The Ancient Greeks called the paper nautilus the sailor of the sea. The female nautilus secretes and shapes a paper thin shell – a fragile egg case in which she also resides.
The shells are fragile as glass, but he once found a whole one, perfect and glistening white, larger than his own hand.
III
His dreams as a child were always at sea. A nighttime journey, the moon reflecting across black ripples. He could swim through air. Underwater he could breathe.
There is something ancient and alien about horseshoe crabs.
For the Japanese they are reborn samurai warriors who sacrificed their lives in battle.
He finds himself surrounded by these sad messages in bottles, which he tries to read and interpret. Like photographs, they speak first of death and only after that, of what they once were.
He remembers the comical image of encountering his father underwater, who, being shortsighted, always wore glasses.

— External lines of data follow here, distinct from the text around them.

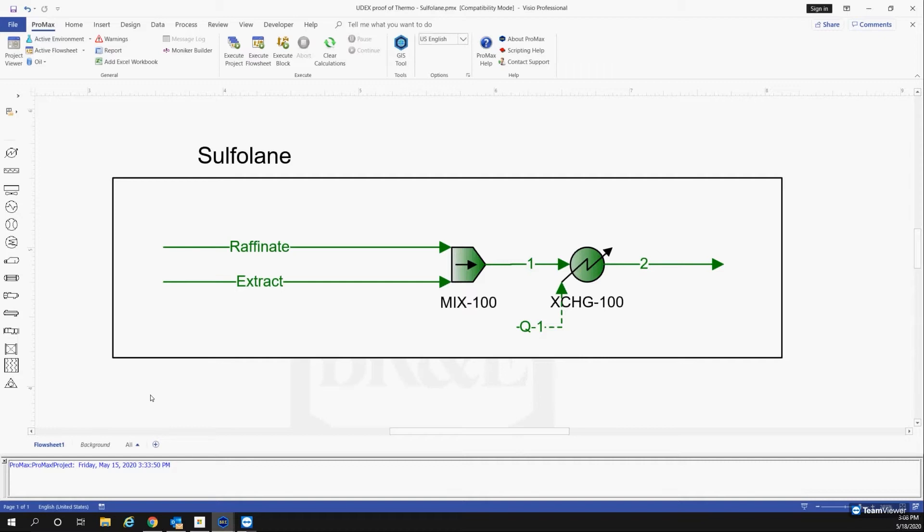I want to go ahead and talk about aromatic extraction today. It's something that BR&E has been talking about a lot lately. We've seen a lot of interest from some of our clients regarding aromatic extraction during this odd time right now.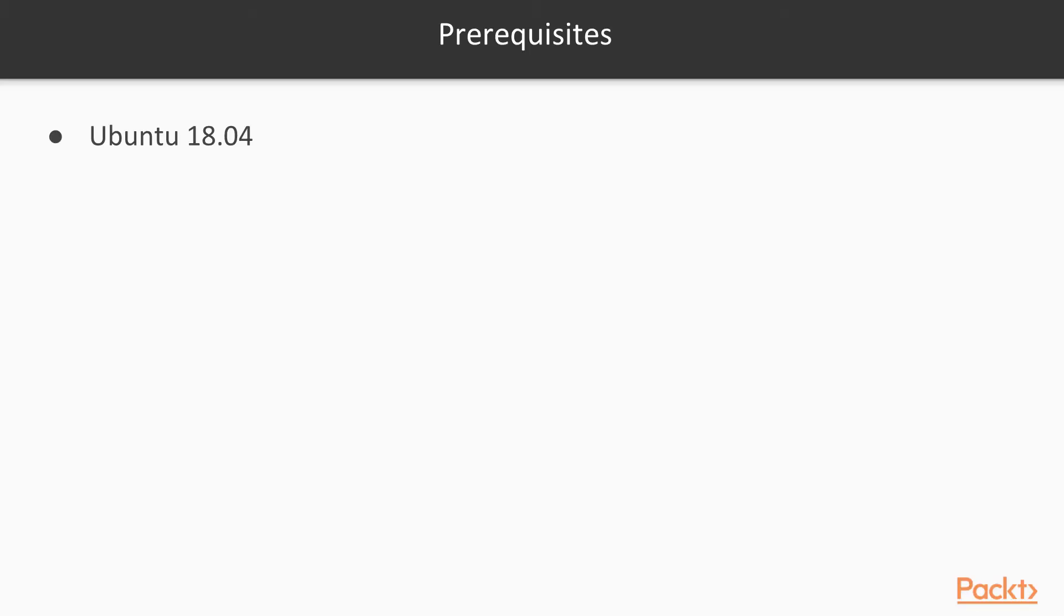Before starting, I recommend you to have a computer with Ubuntu 18.04, have some knowledge on ROS 1, and of course, be interested in robotics.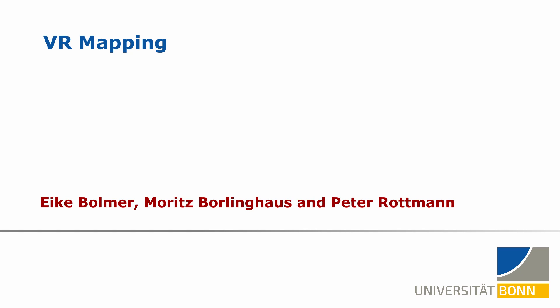Welcome to our video about our project of mobile mapping of the environment and displaying and interacting with it in virtual reality.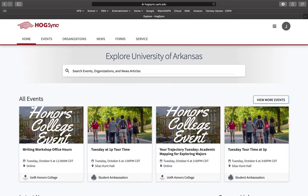You will then see the home screen of Hogsync. You can watch the next video to learn how to access the Student Affairs Resource Fair. We hope you enjoy Hogsync as a place to find student events and resources.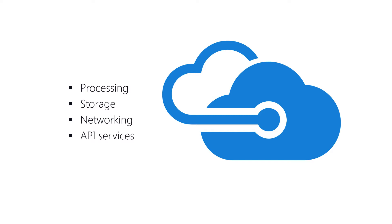Azure was announced in 2008 and released for production services in 2010. Since then, it's grown dramatically and provided all kinds of APIs. In fact, there are more APIs and services available in Azure than any of the other cloud providers out there.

His father had attached an old pair of thick rimmed spectacles to the inside of his snorkeling mask with a suction cup, giving him the appearance of an underwater professor.
IV
He wonders about the function of dreams.
Does a fish or an octopus dream?
Memory and dreams are closely related. Can an octopus remember?

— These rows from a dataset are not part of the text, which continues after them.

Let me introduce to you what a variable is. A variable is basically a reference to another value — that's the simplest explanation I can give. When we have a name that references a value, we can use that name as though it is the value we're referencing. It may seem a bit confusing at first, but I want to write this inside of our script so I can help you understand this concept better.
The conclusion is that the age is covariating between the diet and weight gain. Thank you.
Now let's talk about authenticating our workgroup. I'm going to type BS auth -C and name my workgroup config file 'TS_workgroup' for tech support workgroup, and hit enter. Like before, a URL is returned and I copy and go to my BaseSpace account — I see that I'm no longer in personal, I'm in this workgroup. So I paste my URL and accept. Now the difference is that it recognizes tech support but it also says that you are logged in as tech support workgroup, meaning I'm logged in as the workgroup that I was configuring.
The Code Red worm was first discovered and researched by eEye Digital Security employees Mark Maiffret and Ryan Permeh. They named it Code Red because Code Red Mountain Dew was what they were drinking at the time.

He turns the page and reads:
‘We do not remember, we rewrite memory much as history is rewritten.’
In the summer he loved most of all to swim in the sea – snorkeling at low tide, down by the reef at the edge of the bay. Sun on his back, shallow warm water supporting his body, the sound of his own breathing.
Once he got his legs caught up in the metres long kelp which grew like a forest beyond the edge of the reef. The waves crashed onto the sharp reef edge; he thought he would drown. Like tentacles the strands of kelp wrapped around his feet and pulled ever tighter.
V
For some reason this specimen reminds him of unicorns. The horn of a unicorn was worth more than gold. But such a horn was in fact the tusk of a narwhal, the unicorn of the sea. In powdered form the tusk was prized as an antidote for poison and indeed for melancholy.

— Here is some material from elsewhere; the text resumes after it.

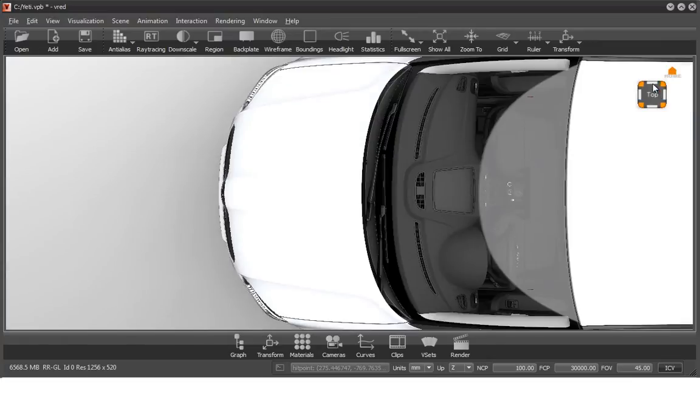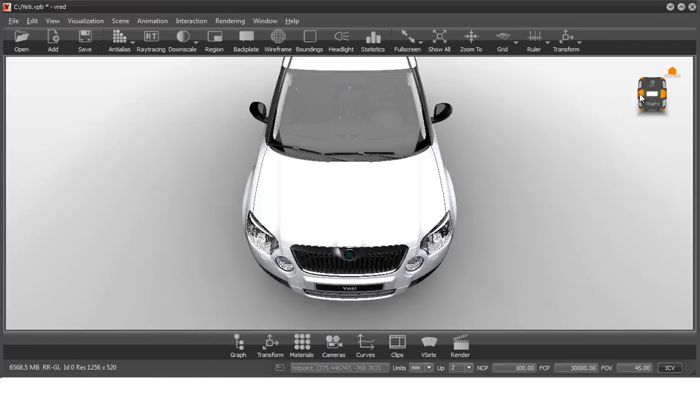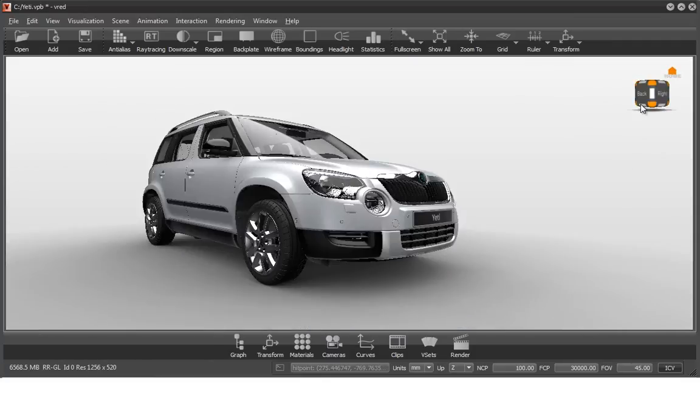Please be aware that the view cube only affects the selected object. Click the home button to switch back to the ICV.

In his childhood memories everything stays the same. But as a grown man, he returned after many years only to find the same reef from his childhood stripped bare and barren. Haunted and deserted like a graveyard. Sadly, he remembers the story of a Russian guide during the Second World War, who would give tours through the empty galleries of the Hermitage in St. Petersburg, offering complete descriptions of paintings which were no longer there.
He reads again from the notebook. To his great surprise it is here that he finds immortality. Jellyfish have roamed the seas for at least 500 million years, but there is more than that. One species is thought to escape death. They are able to grow backwards to infancy, transforming themselves from medusa back to a polyp.
VI
Natural history came of age in the nineteenth century – the golden era of exploration and expedition; a time when maps lost all their blank spaces. Time and space expanded. And, together with all that forward-thinking swelled the insatiable desire to amass, to collect, to catalogue and collate; to measure and to circumscribe, to describe, to own, to conquer.
He reads:
‘Memories must make do with their delirium, with their drift.’
On the last page he finds a note written in haste:
It is time to abandon hope of a better past.
Long forgotten, a picture resurfaces. He remembers now the ferry crossing, sitting on deck in the wind and sun and looking out across the bay. Blowers they were called – white fountains of water shooting up across the calm waters of the bay – a regular occurence that no-one paid much attention too. Only now he realises, that this must have been whales, spouting as they came up for air.